The chamber representatives agree the face-to-face interaction with their local business owners was invaluable and well worth the average 4-hours per company investment. The chambers each invested an average of roughly 1,700 hours toward this project last year.
EXISTING BUSINESS SUPPORT
Steve Cox, economic development director for the Rogers-Lowell Chamber, said the payoff isn’t always instant but you have to plant and water those organic seeds if they are to bear fruit in the future.
“I visited a company back in April of 2012 and they didn’t really have any expansion plans at the time, but we made the contact. Then they called me in January to say they had planned a $10 million investment hiring up to a dozen people and could we give them some help. If I hadn’t made that contact they probably wouldn’t have called us for help with incentives and zoning,” Cox said.
Webb added that between January 2010 and December 2012 there were 40,000 jobs created in Arkansas, 44% of those jobs were located in the NWA metro area.

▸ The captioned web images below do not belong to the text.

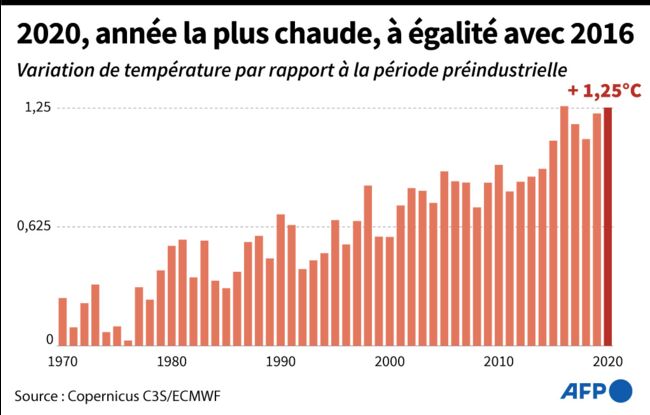 A Egalite Avec 2016 2020 Est Elue Annee La Plus Chaude Jamais Enregistree Geo Fr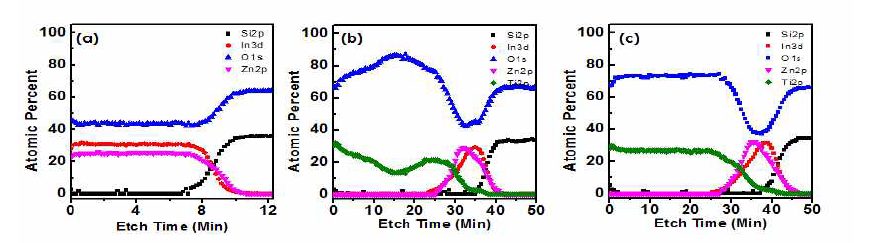 IZO 및 Ti/IZO 박막의 XPS depth profile : (a) IZO (control device), (b)Ti/IZO 200 ℃, (c) Ti/IZO 300 ℃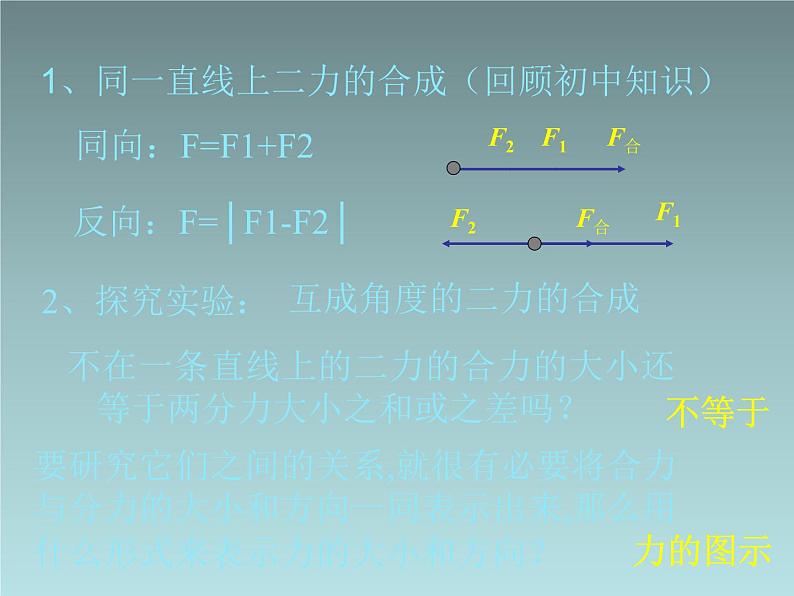 2022-2023年人教版(2019)新教材高中物理必修1 第3章相互作用-力第4节力的合成和分解(18)课件第5页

The group agreed the organic job growth that largely comes from business expansion is key to future population growth. Harvey said roughly three out of every four jobs created comes from an existing business. Lance Eads, economic director for the Springdale Chamber, said during one of his visits last year he encountered a business that needed a larger location to allow for growth opportunities.
“We also ran across another fellow who was trying to sell out and retire from his business. We got these two owners together and they were able to work out a deal that allowed both to accomplish their goals,” Eads said.
He also said one company was sourcing some labor from a high school outside the area. We were able to get him in contact with our local school system who was able to add the kind of training he needs for his business within Springdale schools.
SAFETY, SALES FORCE ISSUES
Chung Tan, economic director in Fayetteville, said one of the key concerns uncovered among visits to the city’s industrial park was safety.
“Now that many of those companies are ramping up to three shifts from two they were concerned about safety during that overnight hours. We were able work with the city and install several traffic lights and the city has budgeted to build a sidewalk throughout the park this year,” Tan said.
She said drilling down to the micro level with the local businesses also showed that a large percentage of them are selling product abroad.
“We are able to work with them and help provide some assistance and training by connecting them with the Arkansas World Trade Center. This has been good,” Tan said.
Jayne Lowe, director of retention with the Bentonville-Bella Vista Chamber of Commerce, called on offices of just one person all the way to multinationals.
“One main concern I saw from some small businesses is that they are having a hard time attracting and retaining a quality sales force because there are so many vendor sales opportunities at high levels of pay,” Lowe said.
Tom Ginn, vice president of economic development at the Bentonville-Bella Vista Chamber said, he encountered a tech company that employed a majority of folks who were software engineers and out-of-country residents. He said these workers obtained visas and secured an Arkansas driver’s license while here. But with the crack down from Homeland Security it was taking much longer to get the work visas renewed which was also triggered the driver’s license renewal which could be done in Little Rock.
“They were loading up a van load of workers several times a month and headed to Little Rock for the driver’s license renewals. Each time the lost a day of productivity and the cost of travel,” Ginn said.
The chamber worked with the Department of Motor Vehicles and now there is someone in Bentonville who can do the license renewals, alleviating the need to travel to Little Rock and allowing the local company to be more productive.
Harvey said the chamber groups would see another 450 businesses year as the retention efforts continue.
Mayes said each year gets easier and bears more fruit at least that has been the case in Siloam Springs since their efforts began in 2009.